Image-caption web data
◇ ◇ ◇

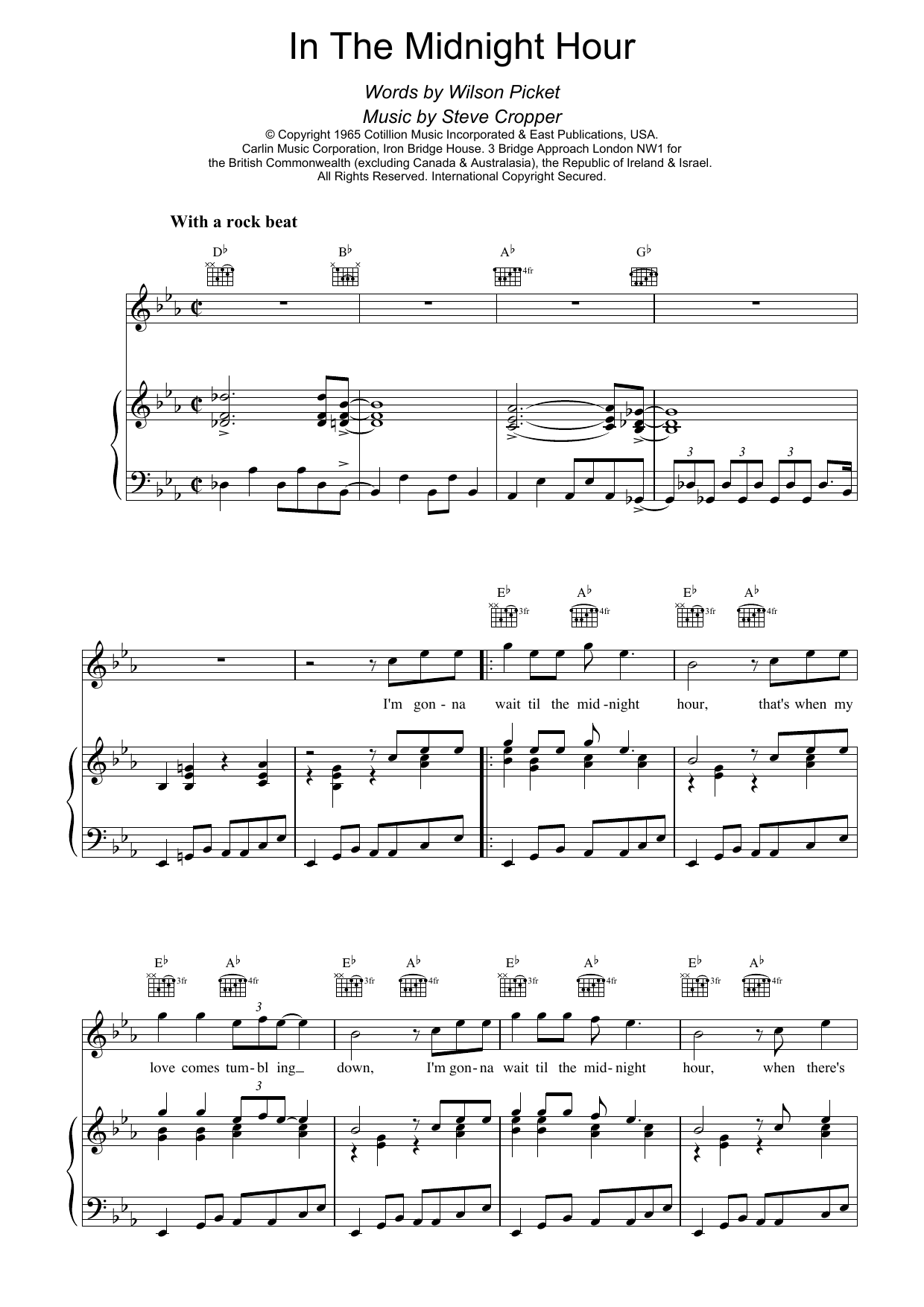 Wilson Pickett In The Midnight Hour Sheet Music Notes & Chords for Flute - Download or Print PDF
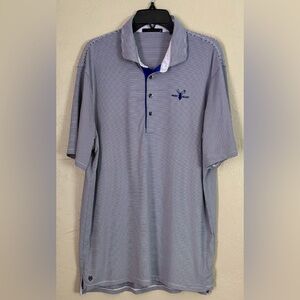 Greyson Saranac Mens Feeder Stripe Golf Polo Shirt XL Blue Purple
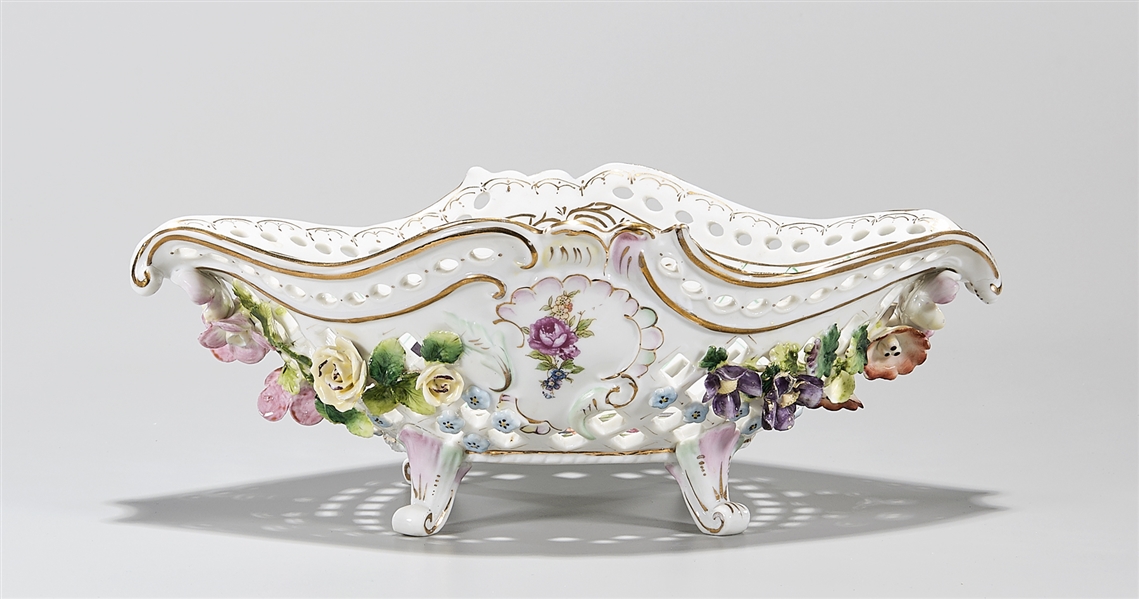 Appraisal: Antique Continental reticulated porcelain basket designed with floral decorations mark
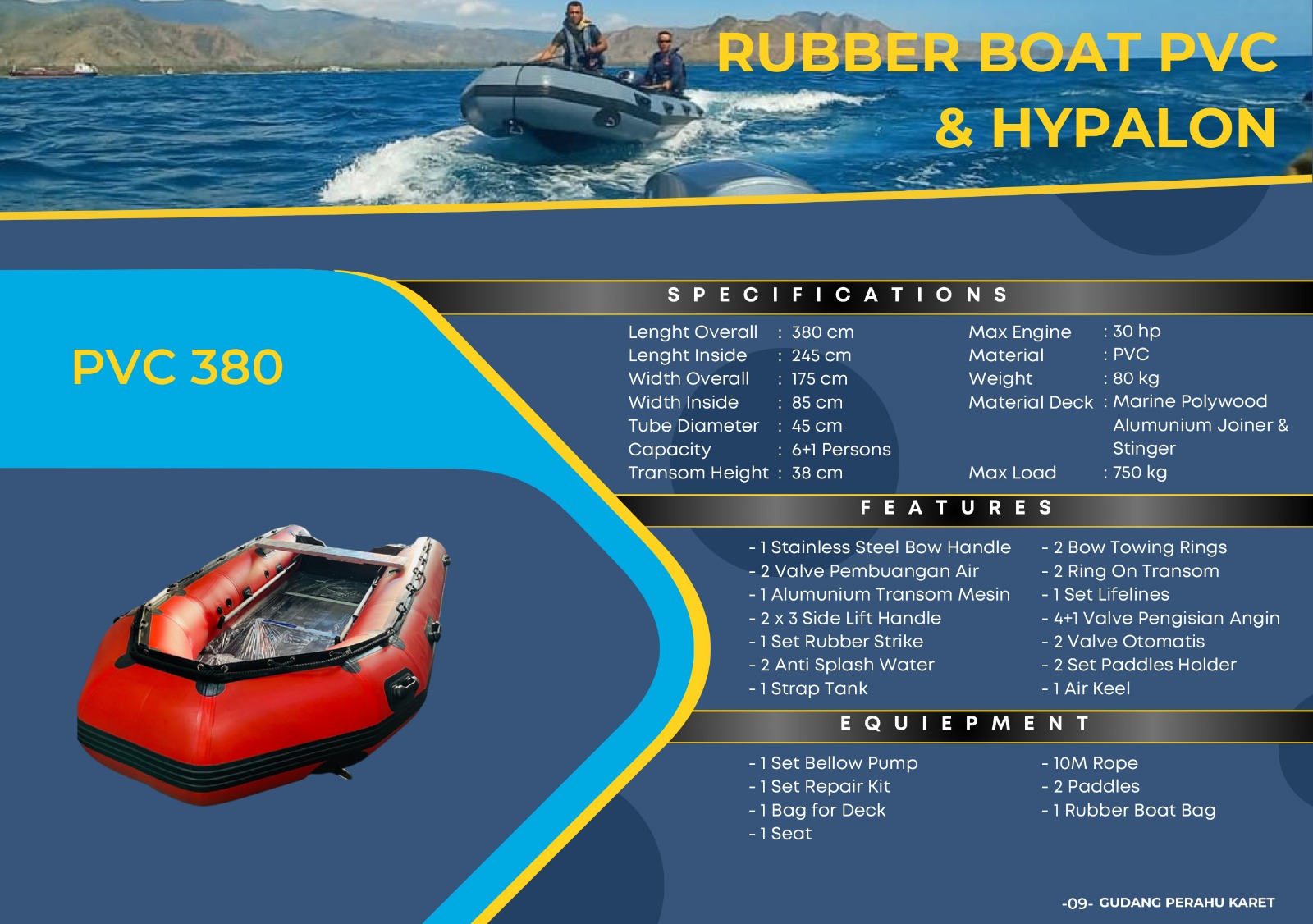 Perahu Karet PVC 380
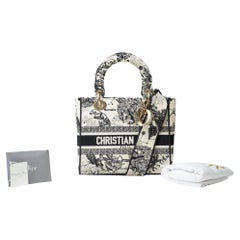 Preciosa Lady Dior MM D-Lite en negro Toile de Jouy Motivo del reverso, PHW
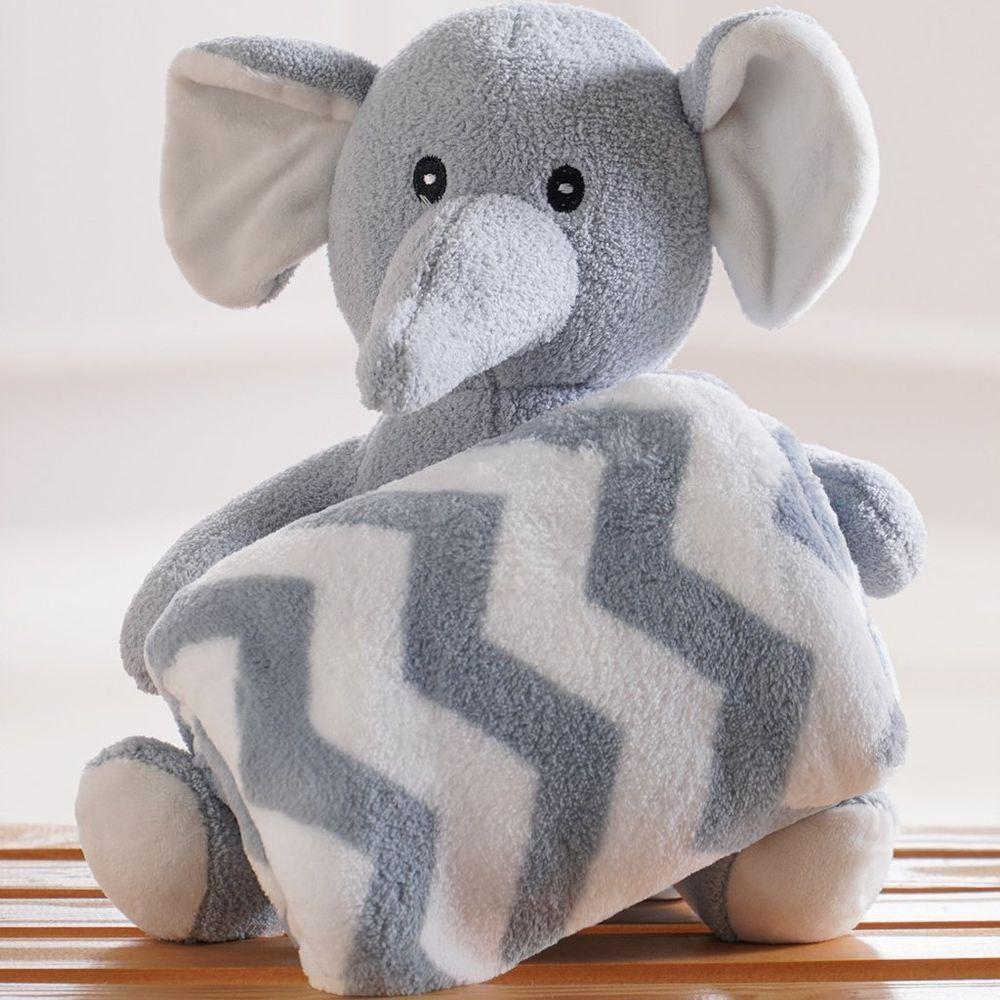 Bichinho De Pelúcia Floresta New Com Manta Bebê 100x75cm Elefante - 6
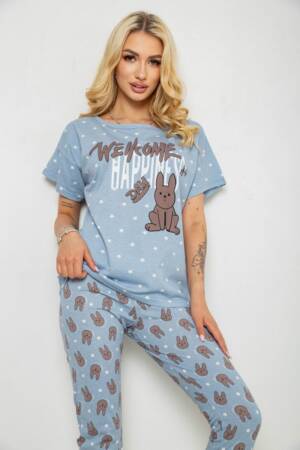 Піжама жіноча з принтом, колір блакитний, 243R15400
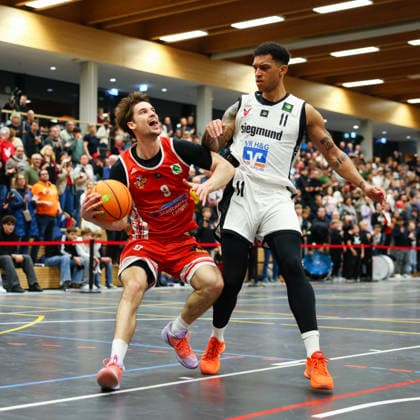 Henk Droste (9, TV Langen) und Ferenc Gille (11, BG Hessing Leitershofen) beim Spiel zwischen BG Hessing Leitershofen v TV Langen, Basketball, Herren, BARMER 2.Bundesliga ProB Süd, 2025 2026, 13.Spieltag am 13.12.2025 in Augsburg, Mehrzweckhalle Stadtbergen. Bayern Deutschland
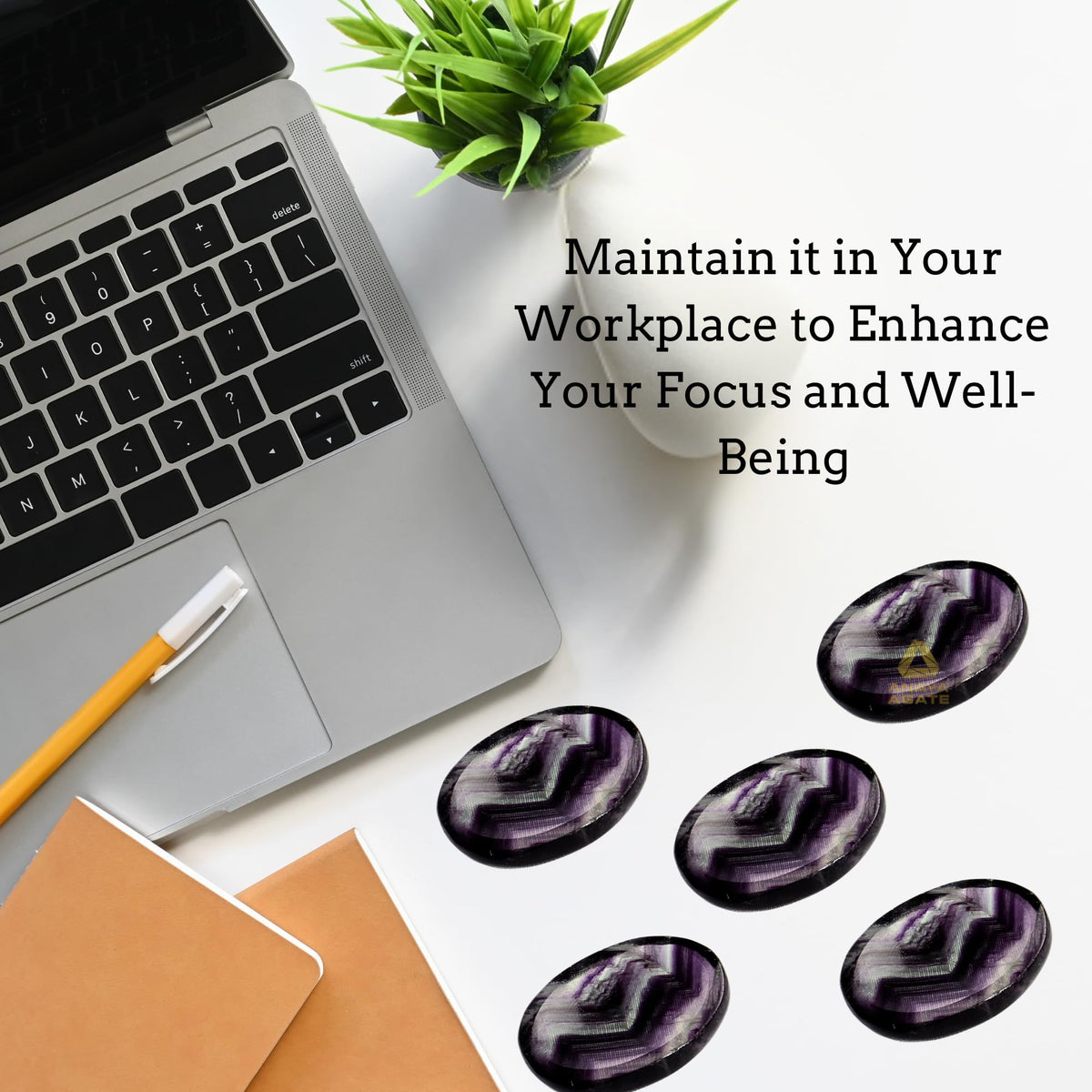 Anaya Agate Fluorite Worry Stones Certified Crystal Thumb Worry Stone for Anguish, Relaxing and Soothing Balance Stones for Meditation, Stress Relief Crystals and Healing Stones for Men, Women
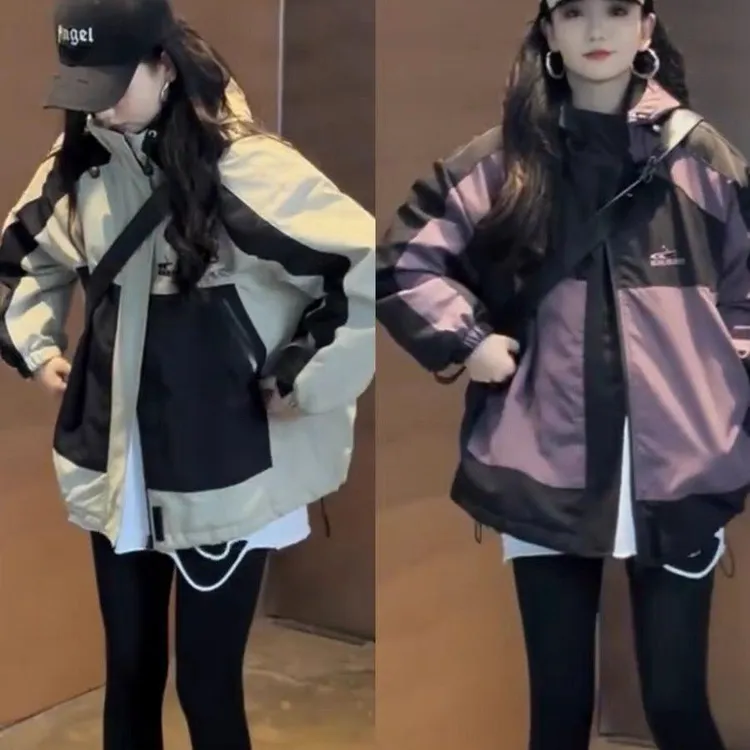 女士连帽二棉撞色冲锋衣加厚冬季中长款夹克开衫潮流款外套洋气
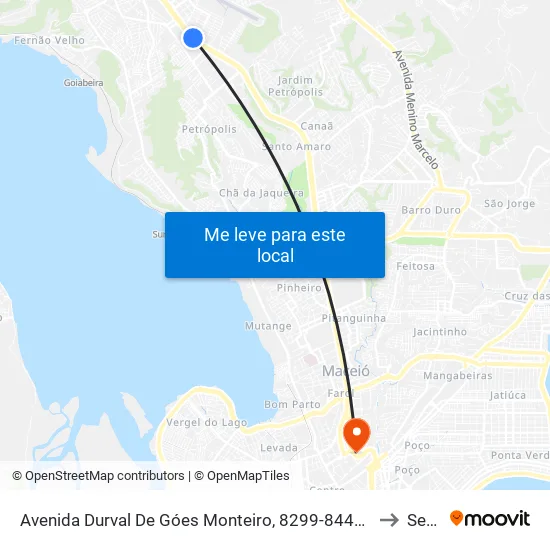 Avenida Durval De Góes Monteiro, 8299-8445 | Dona Valmira to Seune map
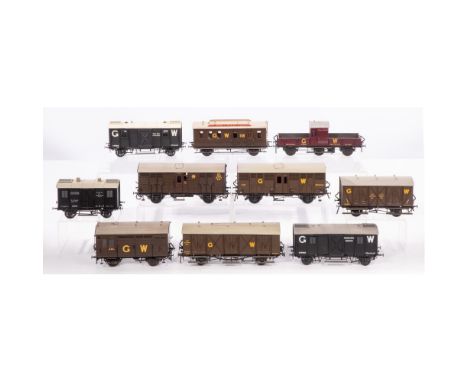 WEP Model Train O Scale Car Assortment  (10) items including a GWR riding van hand signed on underside 'P. K. Dawson / D. Stu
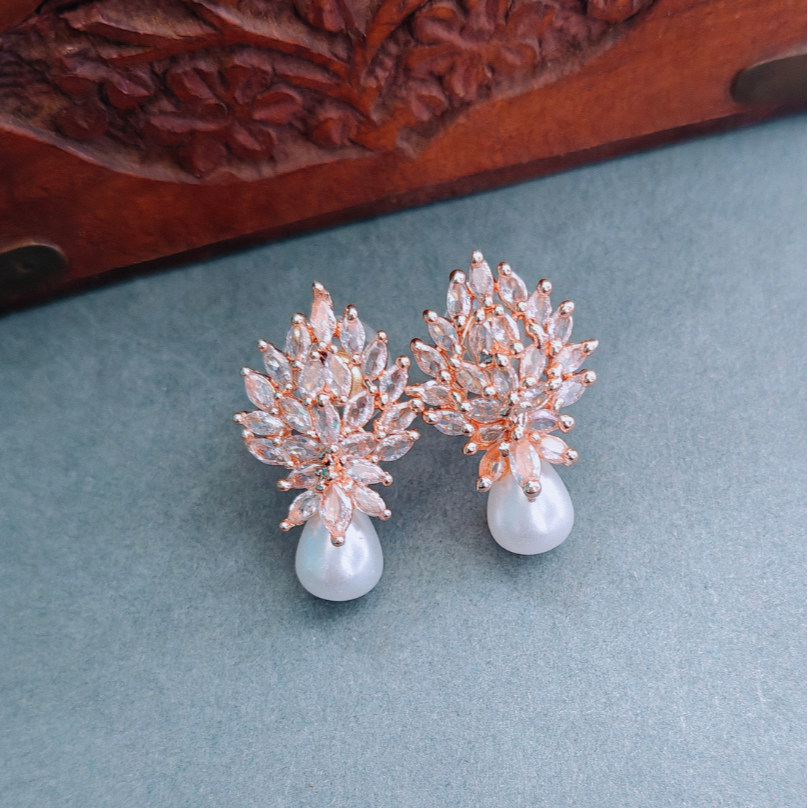 ROSE GOLD CHERYL ZIRCONIA EARRINGS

◇ ◇ ◇

(WHAT NEEDS TO BE DONE) Return each record above as it stands. Pictures stay out.

(FINISHED EXERCISE)
 Wilson Pickett In The Midnight Hour Sheet Music Notes & Chords for Flute - Download or Print PDF
 Greyson Saranac Mens Feeder Stripe Golf Polo Shirt XL Blue Purple
 Appraisal: Antique Continental reticulated porcelain basket designed with floral decorations mark
 Perahu Karet PVC 380
 Preciosa Lady Dior MM D-Lite en negro Toile de Jouy Motivo del reverso, PHW
 Bichinho De Pelúcia Floresta New Com Manta Bebê 100x75cm Elefante - 6
 Піжама жіноча з принтом, колір блакитний, 243R15400
 Henk Droste (9, TV Langen) und Ferenc Gille (11, BG Hessing Leitershofen) beim Spiel zwischen BG Hessing Leitershofen v TV Langen, Basketball, Herren, BARMER 2.Bundesliga ProB Süd, 2025 2026, 13.Spieltag am 13.12.2025 in Augsburg, Mehrzweckhalle Stadtbergen. Bayern Deutschland
 Anaya Agate Fluorite Worry Stones Certified Crystal Thumb Worry Stone for Anguish, Relaxing and Soothing Balance Stones for Meditation, Stress Relief Crystals and Healing Stones for Men, Women
 女士连帽二棉撞色冲锋衣加厚冬季中长款夹克开衫潮流款外套洋气
 Avenida Durval De Góes Monteiro, 8299-8445 | Dona Valmira to Seune map
 WEP Model Train O Scale Car Assortment  (10) items including a GWR riding van hand signed on underside 'P. K. Dawson / D. Stu
 ROSE GOLD CHERYL ZIRCONIA EARRINGS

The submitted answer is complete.